Both of these phones are big–the Nexus 6 is 6-inches and the LG G3 is 5.5-inches. You’d be surprised how much smaller the G3 feels, though. The Nexus 6 is definitely too large to use regularly with one hand, but the G3 is workable in some situations. LG kept the bezels super-thin by moving the buttons to the back of the device. It’s a good place for them too. The Nexus 6 has traditional buttons on the side, but they’re very good and tactile.

Both run at 1440p resolution, but the N6 has an AMOLED panel that gets a lot brighter than the G3’s LCD. The Nexus 6 has 3GB of RAM, a Snapdragon 805, and 32GB of storage. The LG G3 is the same except it adds a microSD slot and runs the older Snapdragon 801.

The Nexus 6 has excellent build quality with a sturdy metal frame and curved glass front that melts into the sides. The back also has that great Motorola dimple in the middle for added stability. The LG G3 isn’t quite as premium, but it’s surprisingly good for a plastic phone. It also has a removable back and 3000mAh battery. The Nexus 6 has a slightly larger battery at 3220mAh. It won’t get as much screen time as some phablets, but the G3 and N6 are close in terms of battery life. Although, the G3 gets better standby time.
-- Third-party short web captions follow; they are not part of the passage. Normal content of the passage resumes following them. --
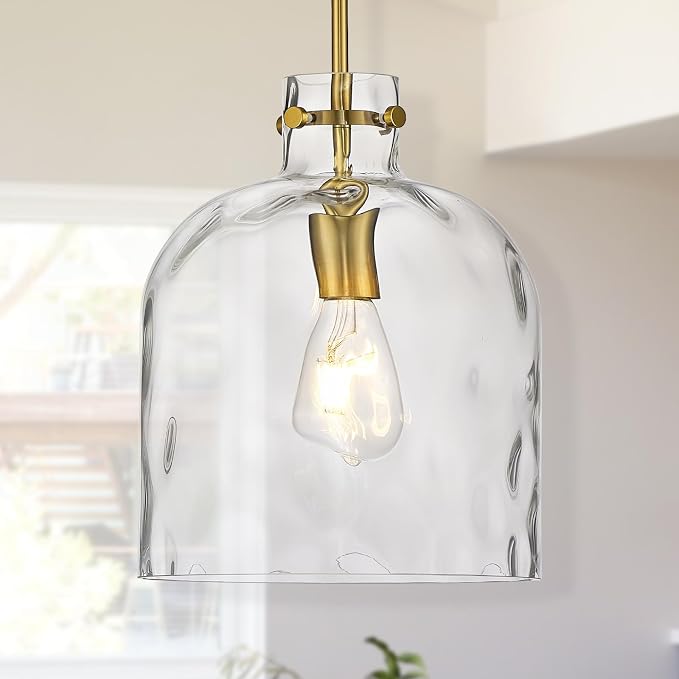 Modern Gold Pendant Light – 10" Dome Glass Hanging Light Fixture, Single E26 Pendant Lighting for Kitchen Island, Dining Room, Bedroom, Hallway, Adjustable Ceiling Lamp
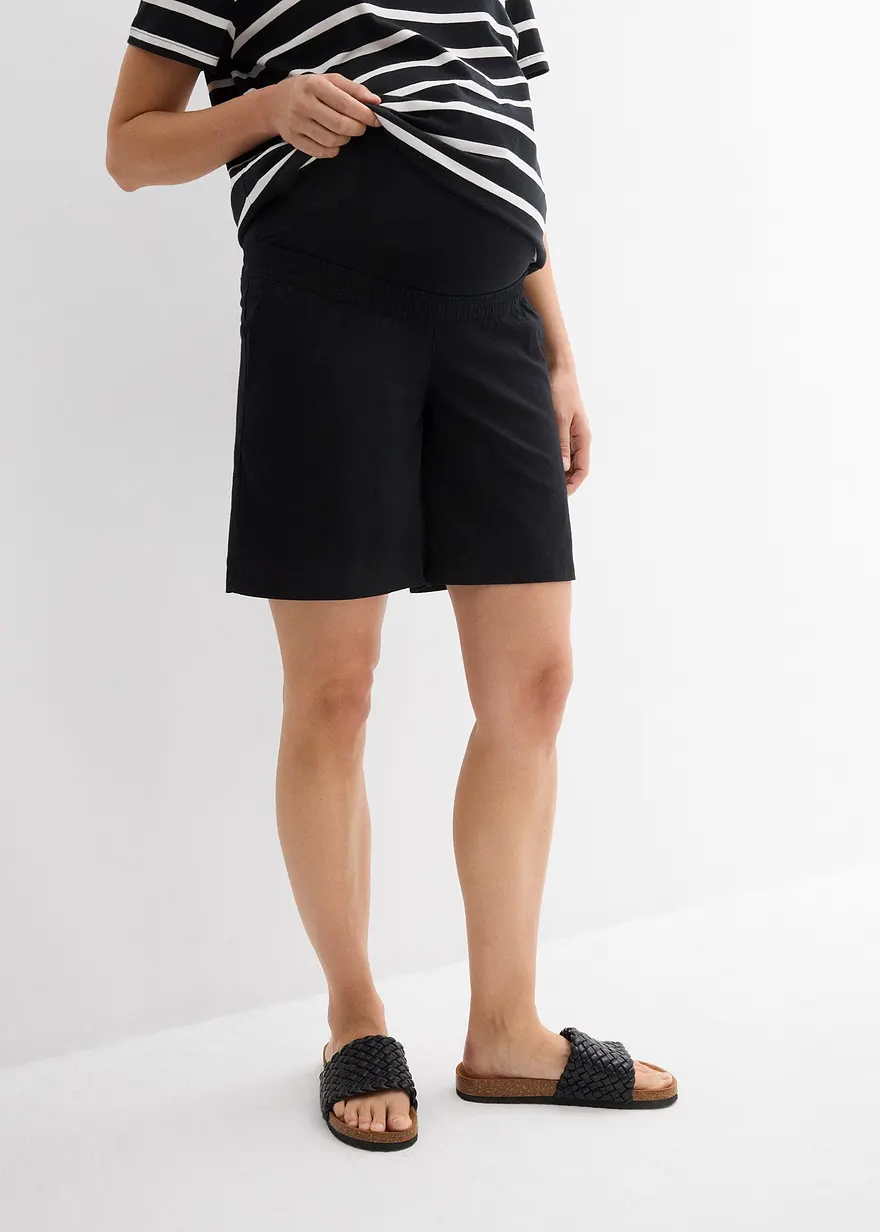 2-in-1 Umstandsbermuda mit Bauchband zum Umklappen aus Leinen und Baumwolle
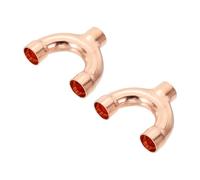 PATIKIL 3/4 Inch ID Copper Fitting, 2Pcs 3 Way Y Type 99.9% Pure Copper Pipe Fitting Welding Connection for HVAC Air Conditioning Plumbing Refrigeration Pipe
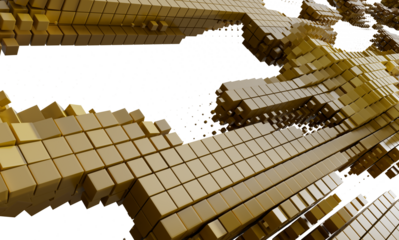 3D render of abstract gold cube blocks. Perfect for technology, data, or finance concepts.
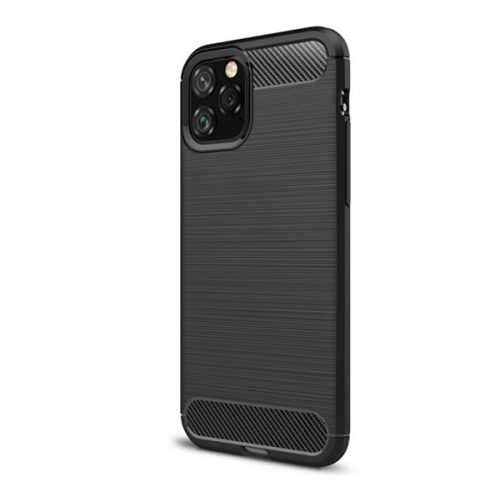 Szilikon telefonvédő (ütésállóság, légpárnás sarok, szálcsiszolt, karbon minta) FEKETE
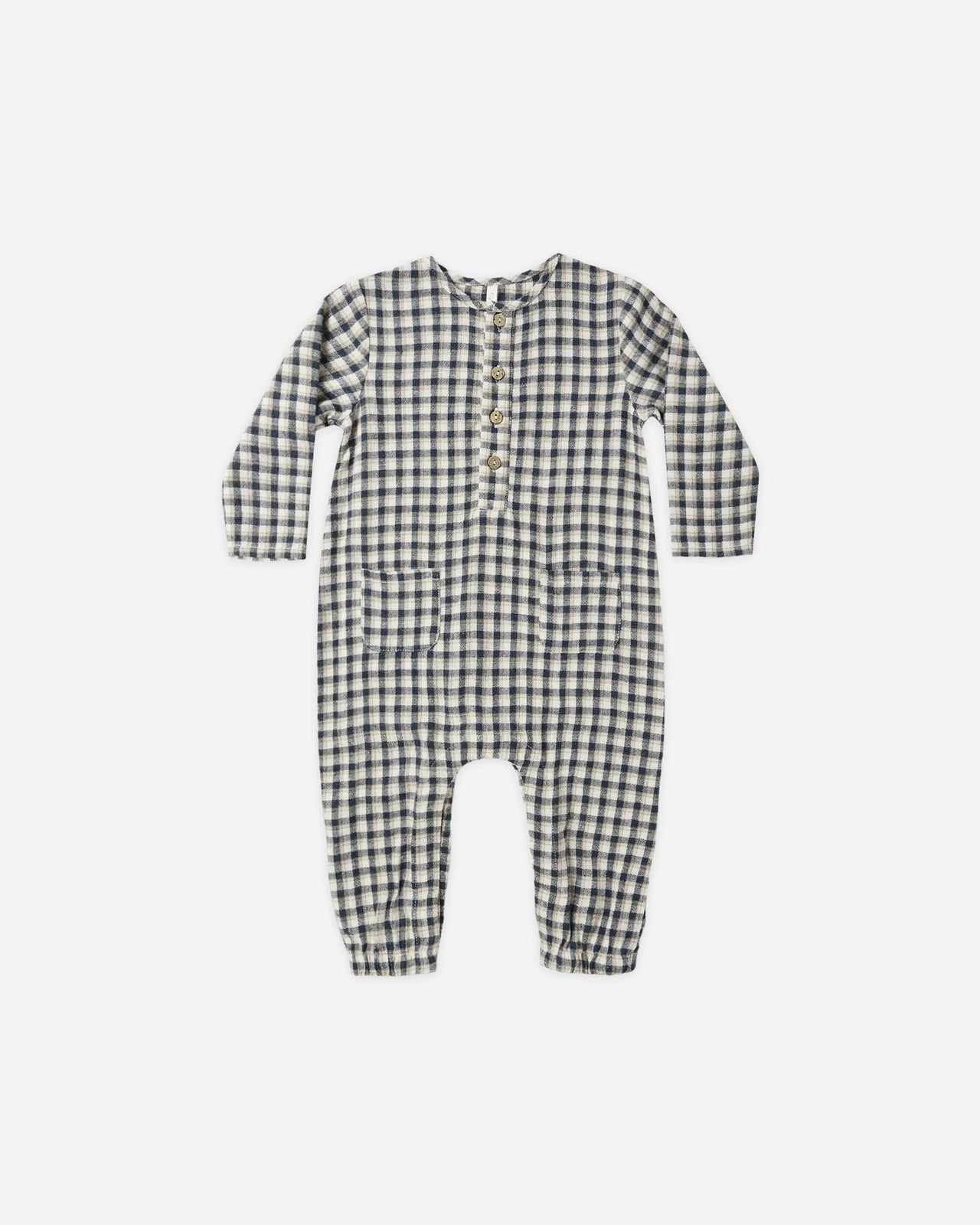 Navy Check Long Sleeve Woven Jumpsuit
I’d say the camera is the one place the LG G3 really gets a clear win over the Nexus 6. Both phones have 13MP cameras, but the LG G3 has great autofocus thanks to the laser sensor on the back. The N6 doesn’t do badly, but LG also has better image processing. The N6 does alright in low-light, but the G3 is better there and in every other type of lighting.

When it comes to software, the Nexus 6 wins by a mile. The N6 comes with pure Android 5.0 straight from the source. There’s almost no carrier bloat built into the ROM, though a few carrier apps autoinstall from the Play Store, but you can easily remove them. That’s not to say LG is doing a bad job on software these days. The G3 is still on KitKat, and it’s rather clean. The company has avoided loading it down with too many features, and most of the UI tweaks are reasonable. The impending Lollipop update will clean up a few of the questionable decisions, though.

The LG G3 was recently reduced in price to just $50 on contract, and the Nexus 6 is still $250. I think the Nexus 6 is a better phone, but a $200 price difference is nothing to sneeze at. Right now, at this moment in time, I’d probably tell most Sprint users to get the G3. If money is no object, get the Nexus.